• _PROBLEM_:
Once the line containing "Hey everybody, just" has been written out, stop; until then, restate each line of the entries below word for word from the first.

• _TASK INPUT_:
Start of Block

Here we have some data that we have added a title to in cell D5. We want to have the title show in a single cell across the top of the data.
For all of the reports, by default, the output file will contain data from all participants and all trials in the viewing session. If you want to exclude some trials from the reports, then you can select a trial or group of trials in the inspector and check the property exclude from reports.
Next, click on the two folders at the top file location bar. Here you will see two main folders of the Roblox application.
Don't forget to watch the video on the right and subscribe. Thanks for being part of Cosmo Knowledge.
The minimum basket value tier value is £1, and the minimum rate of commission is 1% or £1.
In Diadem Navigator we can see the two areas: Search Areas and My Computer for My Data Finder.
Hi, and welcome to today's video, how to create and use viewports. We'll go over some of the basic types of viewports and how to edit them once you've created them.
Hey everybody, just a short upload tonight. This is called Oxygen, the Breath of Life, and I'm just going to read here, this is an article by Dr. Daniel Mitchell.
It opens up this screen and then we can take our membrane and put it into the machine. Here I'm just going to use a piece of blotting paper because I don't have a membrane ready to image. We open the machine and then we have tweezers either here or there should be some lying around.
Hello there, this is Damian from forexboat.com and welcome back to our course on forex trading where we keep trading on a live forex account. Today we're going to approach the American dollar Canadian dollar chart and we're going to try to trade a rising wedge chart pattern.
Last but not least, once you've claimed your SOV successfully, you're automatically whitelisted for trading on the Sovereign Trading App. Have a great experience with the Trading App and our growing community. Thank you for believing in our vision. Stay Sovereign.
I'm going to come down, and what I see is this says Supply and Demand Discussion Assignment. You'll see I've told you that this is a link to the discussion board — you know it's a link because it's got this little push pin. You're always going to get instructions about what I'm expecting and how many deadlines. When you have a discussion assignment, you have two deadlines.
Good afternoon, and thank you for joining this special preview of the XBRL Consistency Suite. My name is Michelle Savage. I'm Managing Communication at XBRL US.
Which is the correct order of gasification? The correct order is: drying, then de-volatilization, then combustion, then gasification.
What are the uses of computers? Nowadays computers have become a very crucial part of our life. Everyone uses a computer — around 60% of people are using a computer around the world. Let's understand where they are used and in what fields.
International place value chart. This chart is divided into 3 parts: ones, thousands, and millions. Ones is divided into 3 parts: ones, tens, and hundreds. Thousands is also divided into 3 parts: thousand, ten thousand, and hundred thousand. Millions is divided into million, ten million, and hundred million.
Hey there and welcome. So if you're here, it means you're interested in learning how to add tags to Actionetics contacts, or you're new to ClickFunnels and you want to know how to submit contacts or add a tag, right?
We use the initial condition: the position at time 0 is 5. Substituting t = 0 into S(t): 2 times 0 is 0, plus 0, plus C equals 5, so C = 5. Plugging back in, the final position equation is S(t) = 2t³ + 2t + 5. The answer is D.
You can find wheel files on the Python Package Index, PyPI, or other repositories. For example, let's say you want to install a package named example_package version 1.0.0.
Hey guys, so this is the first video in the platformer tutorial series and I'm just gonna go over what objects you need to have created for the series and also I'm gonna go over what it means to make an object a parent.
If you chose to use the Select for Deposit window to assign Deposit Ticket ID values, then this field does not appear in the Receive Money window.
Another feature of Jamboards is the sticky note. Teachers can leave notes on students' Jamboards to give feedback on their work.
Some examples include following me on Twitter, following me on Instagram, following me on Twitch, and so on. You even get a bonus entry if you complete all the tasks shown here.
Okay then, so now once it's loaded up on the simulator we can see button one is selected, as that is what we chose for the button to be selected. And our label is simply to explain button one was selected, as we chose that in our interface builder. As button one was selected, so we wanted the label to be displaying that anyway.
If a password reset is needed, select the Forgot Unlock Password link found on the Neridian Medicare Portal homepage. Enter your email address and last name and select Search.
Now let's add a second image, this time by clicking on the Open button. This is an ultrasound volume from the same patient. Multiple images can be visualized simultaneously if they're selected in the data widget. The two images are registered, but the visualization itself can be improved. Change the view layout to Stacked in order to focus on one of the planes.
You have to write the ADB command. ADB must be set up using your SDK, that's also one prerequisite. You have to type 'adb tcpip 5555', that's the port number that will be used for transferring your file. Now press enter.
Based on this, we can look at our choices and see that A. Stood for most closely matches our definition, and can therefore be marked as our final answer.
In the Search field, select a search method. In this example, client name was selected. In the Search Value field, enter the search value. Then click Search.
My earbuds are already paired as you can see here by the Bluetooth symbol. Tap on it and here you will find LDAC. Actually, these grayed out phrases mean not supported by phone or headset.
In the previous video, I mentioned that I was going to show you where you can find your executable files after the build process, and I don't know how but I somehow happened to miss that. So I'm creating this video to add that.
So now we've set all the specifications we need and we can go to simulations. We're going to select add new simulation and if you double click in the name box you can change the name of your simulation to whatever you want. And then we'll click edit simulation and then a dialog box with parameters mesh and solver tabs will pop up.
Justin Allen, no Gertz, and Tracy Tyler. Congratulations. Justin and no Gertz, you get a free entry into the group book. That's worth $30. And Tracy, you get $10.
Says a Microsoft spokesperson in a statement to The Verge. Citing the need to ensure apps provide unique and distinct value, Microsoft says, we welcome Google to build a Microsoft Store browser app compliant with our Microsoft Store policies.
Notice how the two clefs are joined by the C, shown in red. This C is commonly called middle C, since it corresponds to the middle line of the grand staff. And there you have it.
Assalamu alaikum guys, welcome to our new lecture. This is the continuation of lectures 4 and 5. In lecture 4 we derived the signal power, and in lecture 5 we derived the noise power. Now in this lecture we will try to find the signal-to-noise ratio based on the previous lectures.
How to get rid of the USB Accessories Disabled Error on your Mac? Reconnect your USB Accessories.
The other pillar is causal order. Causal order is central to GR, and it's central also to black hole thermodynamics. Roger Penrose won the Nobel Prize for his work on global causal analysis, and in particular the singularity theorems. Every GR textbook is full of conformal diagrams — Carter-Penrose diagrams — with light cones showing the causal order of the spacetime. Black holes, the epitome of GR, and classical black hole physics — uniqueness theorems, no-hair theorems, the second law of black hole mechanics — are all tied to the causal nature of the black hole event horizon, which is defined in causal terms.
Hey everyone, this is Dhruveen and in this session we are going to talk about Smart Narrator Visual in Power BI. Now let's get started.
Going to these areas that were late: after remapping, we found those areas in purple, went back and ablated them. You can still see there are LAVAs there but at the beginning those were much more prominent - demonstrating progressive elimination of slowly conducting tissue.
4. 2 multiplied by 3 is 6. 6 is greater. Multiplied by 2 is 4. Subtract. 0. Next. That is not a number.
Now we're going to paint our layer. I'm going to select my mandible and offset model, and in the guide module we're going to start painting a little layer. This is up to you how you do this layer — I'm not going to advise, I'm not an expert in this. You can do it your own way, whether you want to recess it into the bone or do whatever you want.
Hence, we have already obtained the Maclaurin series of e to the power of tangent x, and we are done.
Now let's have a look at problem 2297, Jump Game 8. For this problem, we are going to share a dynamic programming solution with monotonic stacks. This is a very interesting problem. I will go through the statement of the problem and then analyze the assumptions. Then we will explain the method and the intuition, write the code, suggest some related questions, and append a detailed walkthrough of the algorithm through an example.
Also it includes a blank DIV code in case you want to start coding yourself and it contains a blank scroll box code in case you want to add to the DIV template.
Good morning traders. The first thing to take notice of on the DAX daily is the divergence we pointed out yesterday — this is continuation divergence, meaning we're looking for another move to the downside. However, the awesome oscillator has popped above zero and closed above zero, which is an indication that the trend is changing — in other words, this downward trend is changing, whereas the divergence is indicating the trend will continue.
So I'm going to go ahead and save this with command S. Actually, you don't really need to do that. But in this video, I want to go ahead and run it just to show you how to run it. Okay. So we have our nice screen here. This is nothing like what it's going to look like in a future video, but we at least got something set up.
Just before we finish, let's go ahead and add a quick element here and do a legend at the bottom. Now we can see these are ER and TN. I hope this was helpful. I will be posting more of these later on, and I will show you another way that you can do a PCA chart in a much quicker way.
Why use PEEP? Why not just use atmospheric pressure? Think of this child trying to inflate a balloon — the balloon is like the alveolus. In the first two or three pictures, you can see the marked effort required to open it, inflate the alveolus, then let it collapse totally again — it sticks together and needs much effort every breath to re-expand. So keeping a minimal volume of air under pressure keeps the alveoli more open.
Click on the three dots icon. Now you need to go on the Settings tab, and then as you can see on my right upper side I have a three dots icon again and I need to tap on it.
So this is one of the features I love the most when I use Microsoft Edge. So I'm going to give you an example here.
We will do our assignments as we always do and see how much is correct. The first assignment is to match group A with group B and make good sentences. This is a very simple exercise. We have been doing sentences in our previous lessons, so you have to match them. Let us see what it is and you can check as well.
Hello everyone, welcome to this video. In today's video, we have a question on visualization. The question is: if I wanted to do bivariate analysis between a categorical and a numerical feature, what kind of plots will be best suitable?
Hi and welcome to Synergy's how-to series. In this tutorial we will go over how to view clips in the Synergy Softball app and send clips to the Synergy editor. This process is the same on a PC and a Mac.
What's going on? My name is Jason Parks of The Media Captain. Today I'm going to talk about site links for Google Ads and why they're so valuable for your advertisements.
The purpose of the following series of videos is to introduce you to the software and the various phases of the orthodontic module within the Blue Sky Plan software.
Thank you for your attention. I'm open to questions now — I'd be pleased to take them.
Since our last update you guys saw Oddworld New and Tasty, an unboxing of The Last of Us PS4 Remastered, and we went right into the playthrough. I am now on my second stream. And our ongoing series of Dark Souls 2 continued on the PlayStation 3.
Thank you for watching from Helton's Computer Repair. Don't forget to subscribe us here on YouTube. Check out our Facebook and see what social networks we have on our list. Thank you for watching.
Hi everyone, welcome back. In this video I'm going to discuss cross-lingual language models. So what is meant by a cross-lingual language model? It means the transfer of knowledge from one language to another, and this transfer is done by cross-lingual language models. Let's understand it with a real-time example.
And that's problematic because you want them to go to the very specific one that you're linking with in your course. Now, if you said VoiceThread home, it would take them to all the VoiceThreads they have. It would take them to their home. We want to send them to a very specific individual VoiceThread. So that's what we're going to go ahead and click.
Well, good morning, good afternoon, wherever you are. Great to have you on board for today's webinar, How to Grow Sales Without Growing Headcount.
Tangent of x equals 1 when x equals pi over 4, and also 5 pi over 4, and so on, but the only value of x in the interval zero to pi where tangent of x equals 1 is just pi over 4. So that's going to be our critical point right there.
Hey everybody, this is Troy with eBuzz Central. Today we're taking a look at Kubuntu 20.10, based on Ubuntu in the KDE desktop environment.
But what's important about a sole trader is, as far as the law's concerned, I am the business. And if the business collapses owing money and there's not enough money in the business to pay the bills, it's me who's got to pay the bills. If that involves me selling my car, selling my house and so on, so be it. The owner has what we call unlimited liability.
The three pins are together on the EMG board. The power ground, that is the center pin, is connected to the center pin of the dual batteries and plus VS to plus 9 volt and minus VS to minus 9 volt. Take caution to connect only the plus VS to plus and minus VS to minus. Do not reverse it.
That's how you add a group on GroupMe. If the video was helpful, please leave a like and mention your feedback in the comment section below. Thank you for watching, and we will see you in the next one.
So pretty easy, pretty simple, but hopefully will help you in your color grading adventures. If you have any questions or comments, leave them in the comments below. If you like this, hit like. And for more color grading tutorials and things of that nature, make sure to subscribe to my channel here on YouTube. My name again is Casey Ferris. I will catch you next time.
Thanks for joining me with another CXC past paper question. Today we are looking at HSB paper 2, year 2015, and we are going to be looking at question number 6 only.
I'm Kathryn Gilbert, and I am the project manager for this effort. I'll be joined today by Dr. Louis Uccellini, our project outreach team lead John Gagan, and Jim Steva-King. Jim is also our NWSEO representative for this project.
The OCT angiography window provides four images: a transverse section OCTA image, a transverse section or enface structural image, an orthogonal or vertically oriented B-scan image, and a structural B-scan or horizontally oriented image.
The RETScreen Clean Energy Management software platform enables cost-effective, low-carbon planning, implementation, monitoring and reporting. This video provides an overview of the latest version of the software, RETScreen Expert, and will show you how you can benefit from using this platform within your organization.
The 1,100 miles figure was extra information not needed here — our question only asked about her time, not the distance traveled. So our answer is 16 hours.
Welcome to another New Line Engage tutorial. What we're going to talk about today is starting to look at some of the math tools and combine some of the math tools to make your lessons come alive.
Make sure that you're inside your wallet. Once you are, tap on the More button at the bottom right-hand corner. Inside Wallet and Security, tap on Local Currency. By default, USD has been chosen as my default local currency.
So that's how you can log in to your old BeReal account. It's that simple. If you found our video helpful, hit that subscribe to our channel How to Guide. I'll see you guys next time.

End of Block

• _RESPONSE BELOW_:
Here we have some data that we have added a title to in cell D5. We want to have the title show in a single cell across the top of the data.
For all of the reports, by default, the output file will contain data from all participants and all trials in the viewing session. If you want to exclude some trials from the reports, then you can select a trial or group of trials in the inspector and check the property exclude from reports.
Next, click on the two folders at the top file location bar. Here you will see two main folders of the Roblox application.
Don't forget to watch the video on the right and subscribe. Thanks for being part of Cosmo Knowledge.
The minimum basket value tier value is £1, and the minimum rate of commission is 1% or £1.
In Diadem Navigator we can see the two areas: Search Areas and My Computer for My Data Finder.
Hi, and welcome to today's video, how to create and use viewports. We'll go over some of the basic types of viewports and how to edit them once you've created them.
Hey everybody, just a short upload tonight. This is called Oxygen, the Breath of Life, and I'm just going to read here, this is an article by Dr. Daniel Mitchell.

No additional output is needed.